15/06/2016 13:02 -03 | Atualizado 15/06/2016 13:02 -03
Vatican Pool via Getty Images
ROME, ITALY - JUNE 13: Pope Francis visits the The United Nations World Food Programme headquarter on June 13, 2016 in Rome, Italy. Pope Francis on Monday made his first visit to the United Nations World Food Programme, the United Nations agency that fights hunger. It is the first ever Papal visit to WFP, and comes during the first year of work towards the landmark Sustainable Development Goals. (Photo by Vatican Pool/Getty Images)

Se você tivesse frente a frente com o Papa, o que diria?

Rafael Procópio, professor de matemática carioca não pensou duas vezes. Perguntou sobre aquilo que muita gente se questionou e se questiona até hoje. Teria sido "La mano de Dios" de fato uma obra divina?

Frente ao papa mais irreverente que se tem notícia, a resposta foi carregada de bom humor e caracterizada por uma outra pergunta. "Cachaça é água?"

Diante da negativa óbvia, se cachaça não é água, o Deus cristão obviamente não teve nada a ver com o episódio. Palavras de seu representante maior.

Mas por que esse artigo está sendo abrigado nessa coluna, que trata de Ciência? Simples. Essa indagação não foi o motivo que levou Procópio ao Vaticano.

O professor, nascido em uma favela carioca, atualmente é pós-graduado em Ensino de Matemática pela UFRJ e desde 2015 largou seu emprego formal em salas de aula para tocar o Matemática Rio, canal no Youtube criado em 2010, hoje com mais de 354.000 inscritos e recentemente adicionado à rede científica Science Vlogs Brasil.

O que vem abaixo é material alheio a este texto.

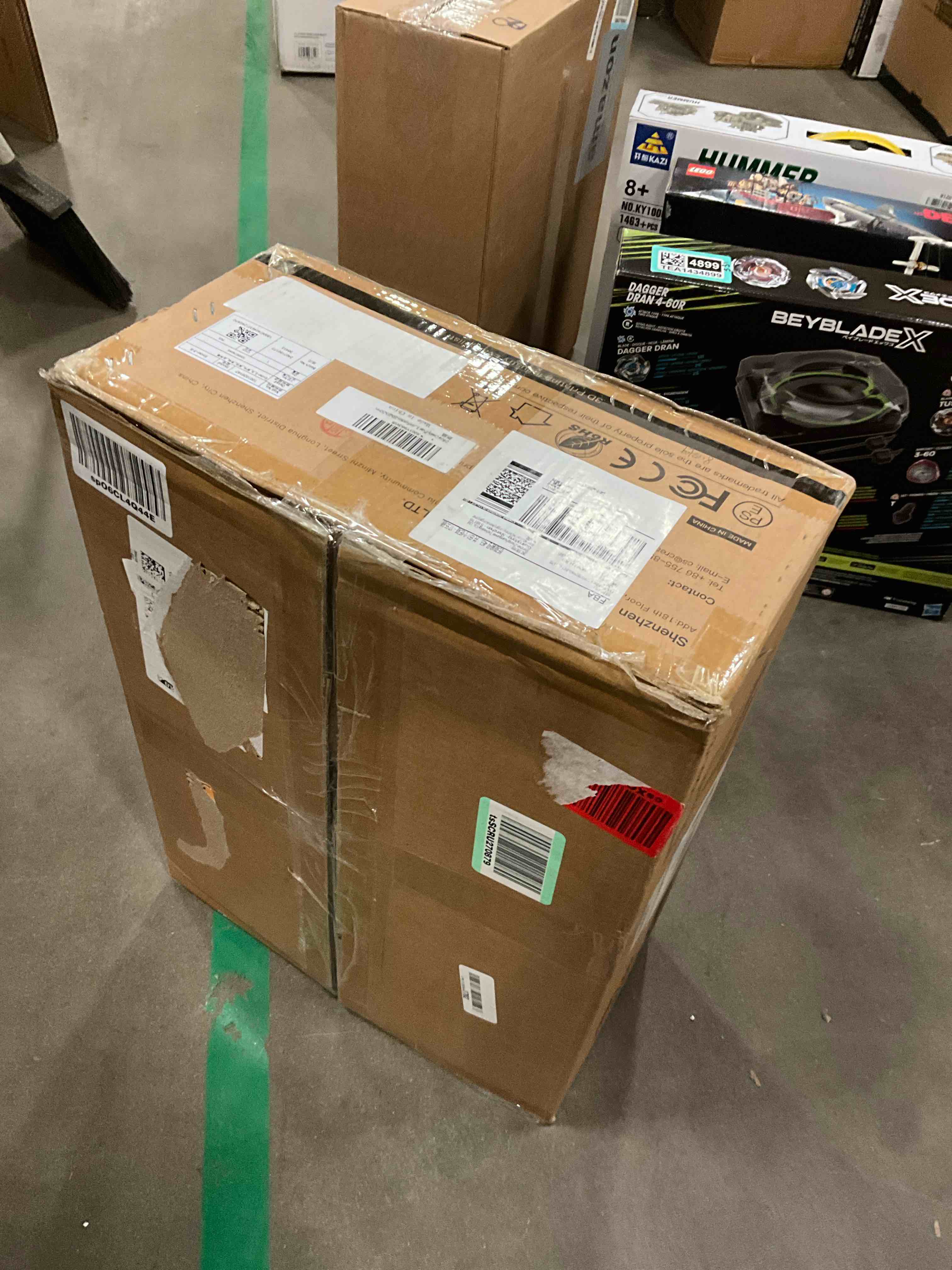 https://s3.amazonaws.com/lotting-images-prod/bidfta/TEA1434897_1741967195062.jpeg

Procópio foi o único brasileiro selecionado, dentre outros youtubers ligados à educação ao redor do mundo, para discutir o projeto Scholas Ocurrentes, de iniciativa do Papa Francisco, que tem como objetivo integrar uma rede de escolas comprometidas a revolucionar os métodos de educação que acompanhem as profundas mudanças pela qual o mundo está passando, alcançando a paz.

Tomando-se como próprio exemplo, Rafael inicia a conversa pedindo a opinião do Papa sobre conselhos encorajar esforços pessoais. O Pontífice afirma que a resignação é uma consequência perigosa para aqueles que passam por dificuldades e que o ideal é que se busque e que se promova a motivação diante das intempéries, desde que seja sempre em um sentido altruísta e que para isso é necessária a integração entre povos.


Declaradamente ateu, a maneira como o professor encarou o desafio e a oportunidade diante da maior autoridade religiosa do mundo pode e deve servir como exemplo para o diálogo ideal entre pessoas de diferentes credos, o que me parece ser também uma das premissas de Francisco.

Para finalizar, o Papa mais uma vez dá seu tom de irreverência. "Quem foi o melhor, Maradona ou Pelé?"

A resposta do Rafael, obviamente, você já sabe.